I believe invokenonvirtual was less restrictive than invokespecial but as to why it was changed I don't know. Simplicity possibly, but maybe one of the Sun engineers here know.
There is no meaningful sense in which 'invokevirtual' is heavier than 'invokespecial', any more than the Intel 'addl' opcode is heavier than the 'adcl' opcode. They perform related tasks that are conveniently expressed with different opcodes.
Their specifications are of comparable complexity, and they provide complementary parts of a range of semantic special casees required to implement Java. The first could have been split into 'invokevirtual' and 'invokefinal', but this would have had an impact on the class evolution rules, would have made them more restrictive. In fact some interpreters do split them, internally. Likewise, 'invokespecial' could have been split into 'invokesuper' and 'invokeconstructor', but there was no reason to burn two instruction code points. When processing 'invokespecial' an interpreter may have to distinguish the two cases, but that's just part the cost of doing business.
The cases of class vs. interface invocation were split ('invokevirtual' vs. 'invokeinterface') were split, and this did cause restrictions in the class evolution rules. (These are the rules that govern the ability to compile and upgrade classes separately.)I suppose that those two bytecodes were orginally split because the designers contemplated a use for the extra two bytes in the latter instruction's format, which is ironic because typical Java implementations simply ignore those bytes.
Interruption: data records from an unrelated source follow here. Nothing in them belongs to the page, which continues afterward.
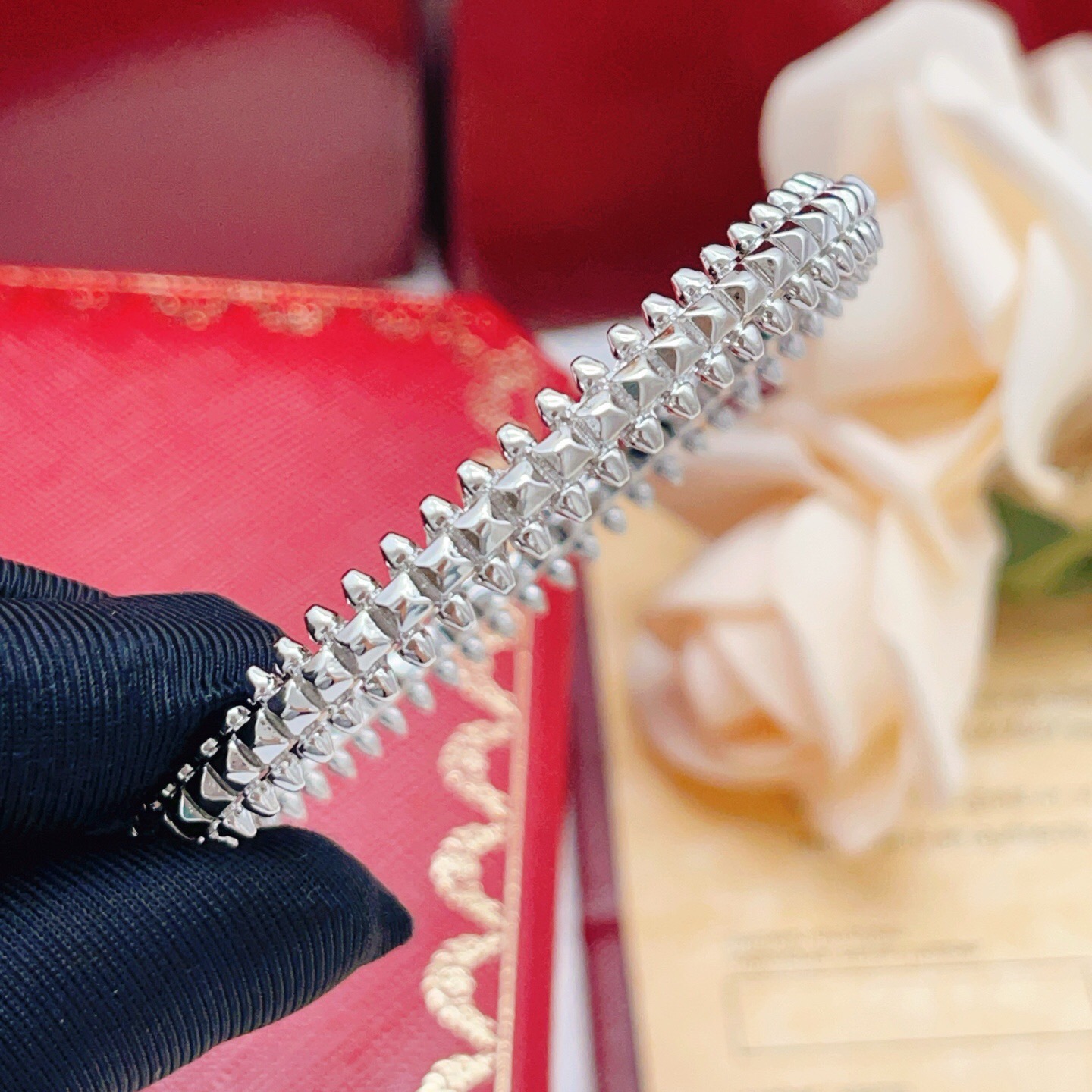 Cartier Clash de Cartier bracelet silver-toned metal no gemstones 17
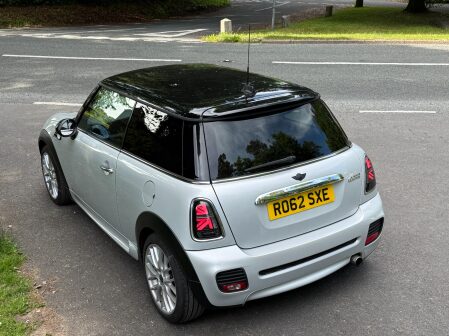 Mini Hatch COOPER 22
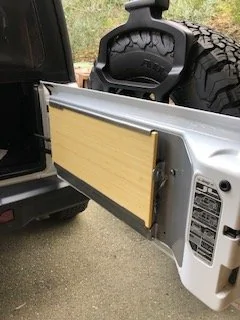 Jeep Wrangler JL Outback tail gate table install- pics IMG_4577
Yes, interface calls are a little trickier than virtual calls (than final calls), but in practice interpreters and JITs use a lot of common code to handle all call cases, and regardless of original bytecode they all tend to merge into each other. (See doCall.cpp in the Hotspot sources.) In particular, an 'invokeinterface' will be downgraded to an 'invokevirtual' if the receiver type is a class which implements the target method, and the call may be further downgraded to final. Even if the call cannot be statically strength-reduced, any non-special call might be implemented as a monomorphic call site, regardless of original opcode.
I guess the main point is that bytecodes have little to do with performance; they are a semantic specification, and any competent system will tend to optimize away superficial differences. When was the last time you worried about the performance difference between pre-increment and post-increment or register and non-register in a C++ program? It's been a while, and we're long past that point with JVMs also.